При его тогдашней склонности всё возвеличивать собачья преданность Левердье показалась ему огромной, сверхчеловеческой, и, к небывалому счастью, он в этом не ошибся. Левердье был поистине уникален. Он будто создан был специально для того, чтобы посвятить свою жизнь исключительному существу, которое осталось бы без него в полном одиночестве. Выражаясь экстравагантно и чудовищно, можно сказать, что такая самоотверженность Левердье была генитальным придатком мужского достоинства Маршенуара, который, вероятно, был бы бесплоден без этого ниспосланного свыше яичка!
Поэтому письмо от Левердье стало для него утешением, эликсиром, небесной влагой. Без всяких колебаний он решил отправиться в путь, рекомендованный человеком, практическая проницательность которого была многократно проверена. К тому же уединение в Гранд-Шартрёзе уже давно было одним из его обетов, и он загадочно улыбнулся возможности исполнить его.
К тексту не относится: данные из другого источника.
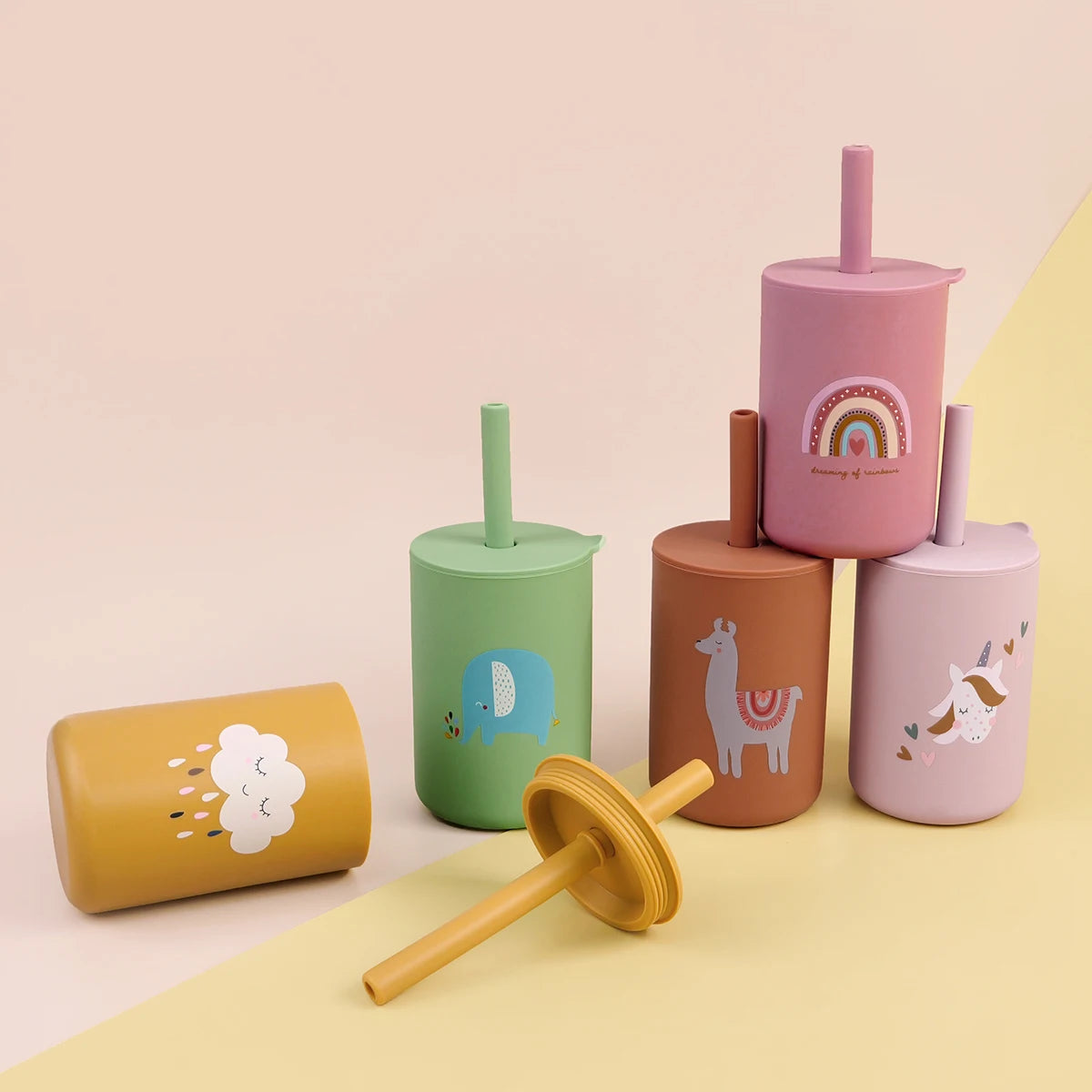TYRY.HU 1Pc Baby Feeding Straw Cup Baby Cartoon Learning Feeding Cup Food Grade Silicone Toddler Water Bottle Tableware BPA Free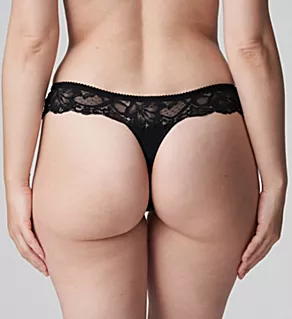 Madison Lace Trim Thong Black S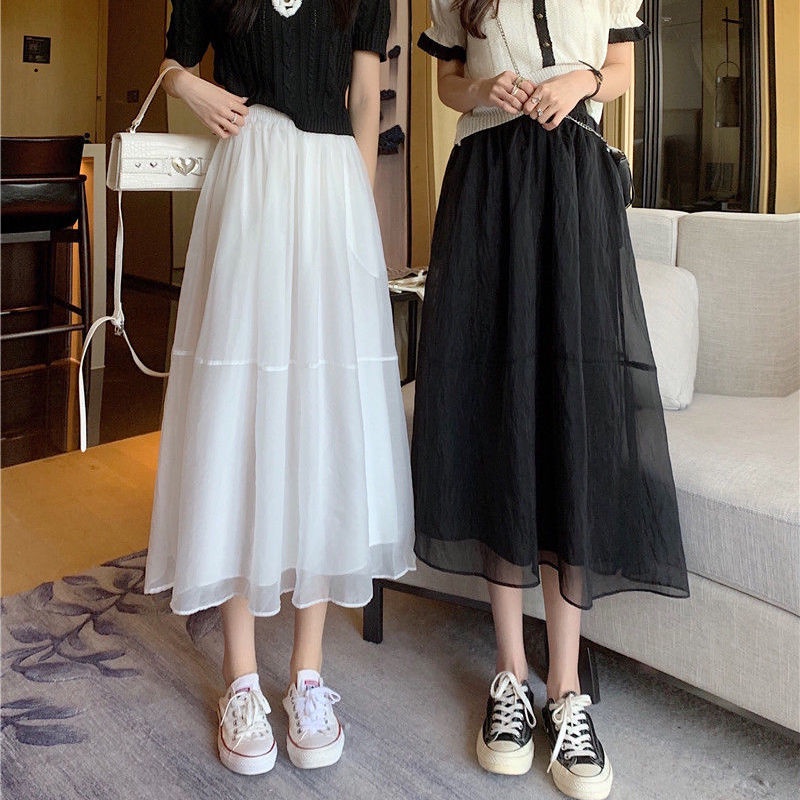 Chân Váy Lưới Dài Lưng Cao Ôm Dáng Phong Cách Mori Hàn Quốc Thời Trang Mùa Hè Hàng Mới Dành Cho Bạn Nữ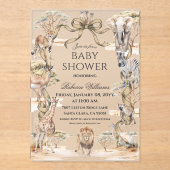 Boho Safari Animals Gender Neutral Baby Shower アクリル招待状 (正面)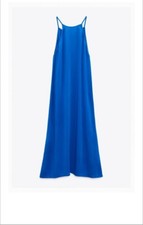 ZARA FLIESSENDES MIDI-KLEID BLAU S 34-38 Hängerchen trägerlos neu ausverkauft 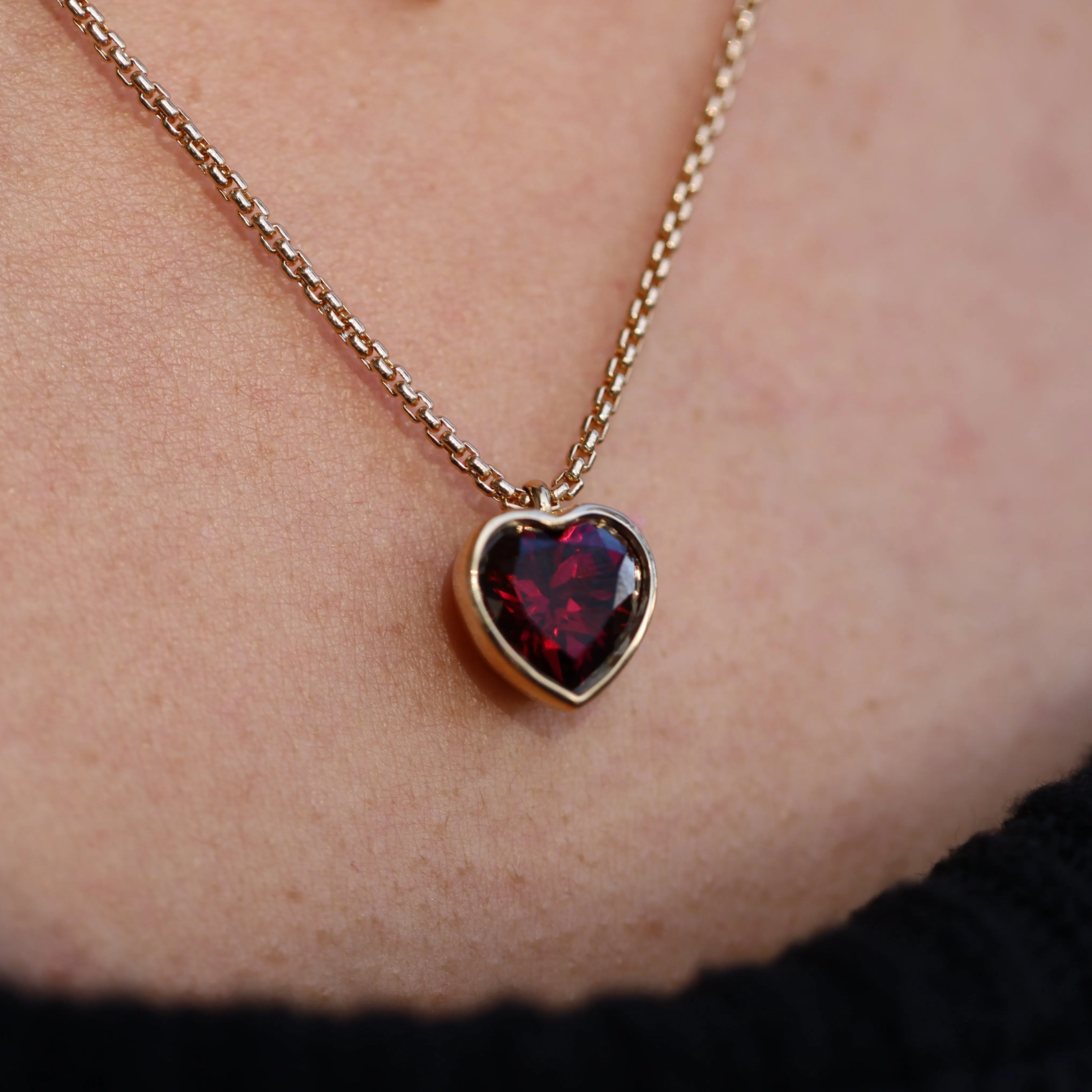 Garnet Heart Charm Necklace on Dainty Box Chain sold by Marrow Fine product image thumbnail 2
Воистину, он был далек от монастырского жизненного уклада. После смерти сына два года назад ему пришла мысль податься в Ла-Трапп[23] и попытаться обрести себя в этой святой обители. Опыт, проведенный на высшем уровне, дал практически отрицательный результат, и ему открыто сказали о том, что его активное богатое воображение противоречит укладу жесткого и набожного ацефала, называемого траппистом.
Однако несколько недель благоговения в лоне более продуманного движения святого Бруно[24] показались Маршенуару чрезвычайно привлекательной идеей. В успокаивающей безмятежности этой пустыни он мог бы спокойно проверить некоторые метафизические умозаключения, еще не до конца разработанные, чтобы включить их в книгу, которую он задумал в изнурительных муках своего парижского существования. Прежде всего, он поддержал бы свою измученную душу в монашеском затворничестве тишины и молитвы, что, несомненно, восстановило бы его умиротворенную силу.
Женщина, которую Левердье называл Вероникой, не была любовницей Маршенуара, хотя жила с ним и за его счет. Невероятная заботливость верного друга избавляла Маршенуара от грызущих забот об ее обеспечении на всё время его отъезда. История их встречи столь же проста, сколь маловероятна.
Вероника Шемино, некогда известная в Латинском квартале под выразительным прозвищем «Присоска», была роскошной проституткой, у которой не было конкуренток по крайней мере десять лет из двадцати пяти, проведенных на этом поприще. И всё же одному Богу известно, какие ужасные бедствия претерпел этот корабль разврата!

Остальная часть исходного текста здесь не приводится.